# Just upgraded from Premiere to Edge, new model seems noisier, is that normal/expected?



## Tennberg (Jun 25, 2012)

I replaced an aging Premiere with an Edge cable model a couple days ago. Setup was unexpectedly easy, especially considering that I used the CableCard that had been in the Premiere since I first set it up. I used Comcast's activation website and was very happy that it worked on the first attempt.

The new unit is much snappier and having the extra tuners and storage is great. My one concern is that the Edge seems noticeably noisier than the Premiere. With ambient noise in the living room, I can hear the Edge buzzing from about 7-8 feet away. It sounds more like it's the fan and not the HD making the buzzing noise. Are all Edge units like this? Is it worth exchanging?


----------



## JoeKustra (Dec 7, 2012)

Tennberg said:


> I replaced an aging Premiere with an Edge cable model a couple days ago. Setup was unexpectedly easy, especially considering that I used the CableCard that had been in the Premiere since I first set it up. I used Comcast's activation website and was very happy that it worked on the first attempt.
> 
> The new unit is much snappier and having the extra tuners and storage is great. My one concern is that the Edge seems noticeably noisier than the Premiere. With ambient noise in the living room, I can hear the Edge buzzing from about 7-8 feet away. It sounds more like it's the fan and not the HD making the buzzing noise. Are all Edge units like this?
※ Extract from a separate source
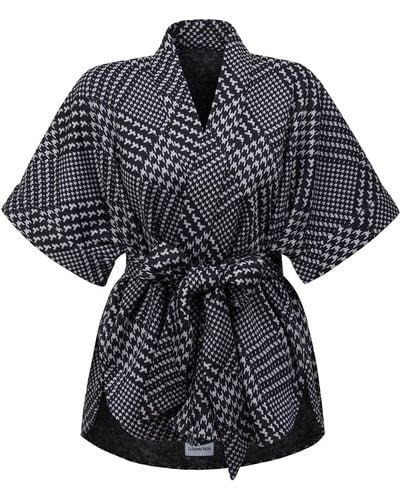 LA FEMME MIMI Reversible Kimono Vest - Black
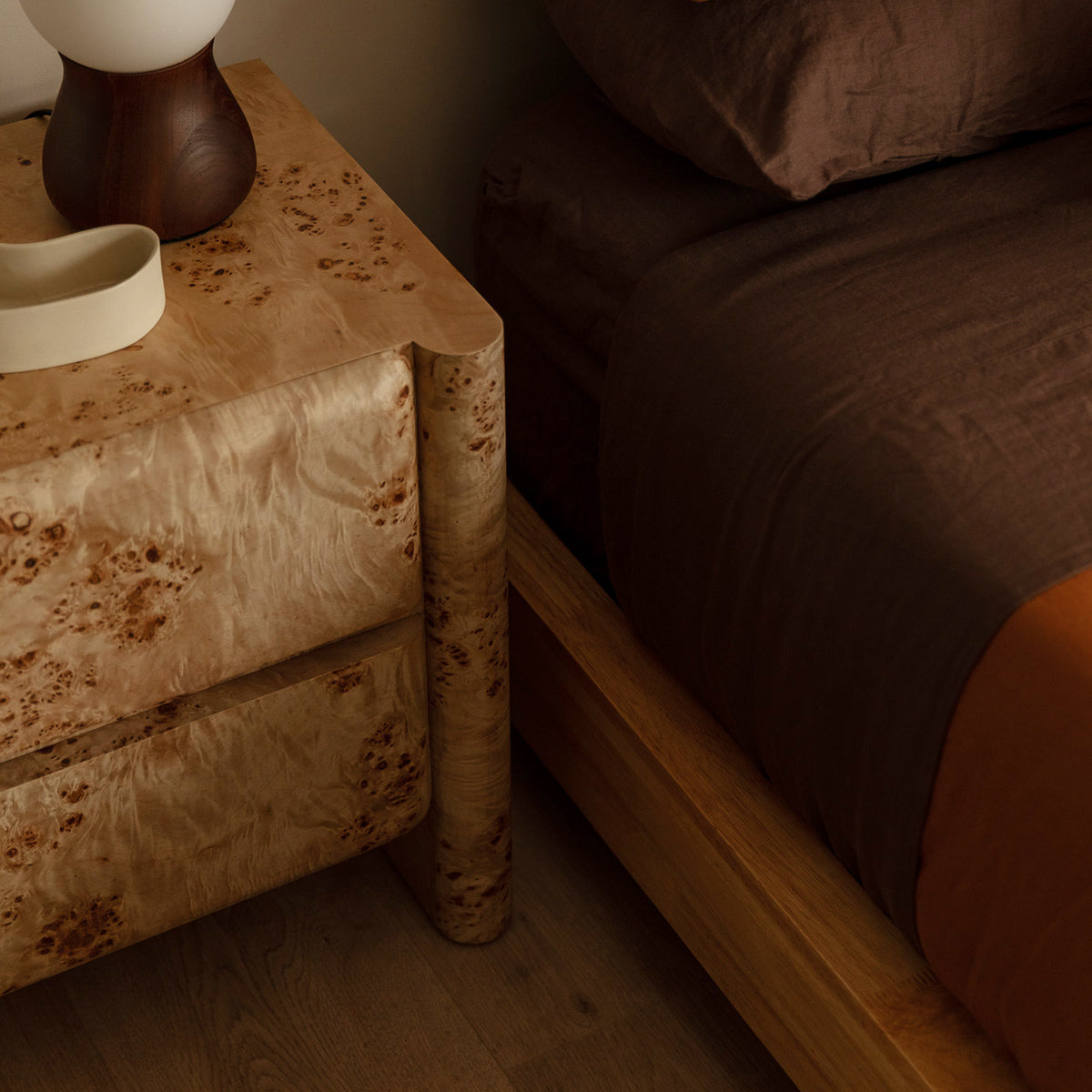 Kami Timber Platform King Bed Frame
Is it worth exchanging?


I don't remember any posts concerning fan noise with an Edge. You might consider replacement. It should be silent from that distance.


----------



## Deuga (Jul 6, 2020)

Mine's rather quiet. I've never thought about the noise. I had to stop and think about it to hear it. The air coming from my A/C vent in my family room makes more noise. My old Motorola DVR was annoyingly noisy in comparison.


----------



## shwru980r (Jun 22, 2008)

Tennberg said:


> I replaced an aging Premiere with an Edge cable model a couple days ago. Setup was unexpectedly easy, especially considering that I used the CableCard that had been in the Premiere since I first set it up. I used Comcast's activation website and was very happy that it worked on the first attempt.
> 
> The new unit is much snappier and having the extra tuners and storage is great. My one concern is that the Edge seems noticeably noisier than the Premiere. With ambient noise in the living room, I can hear the Edge buzzing from about 7-8 feet away. It sounds more like it's the fan and not the HD making the buzzing noise. Are all Edge units like this? Is it worth exchanging?


You could buy a Mini Vox and upgrade the hard drive in the Premiere for less than half the cost of the edge.


----------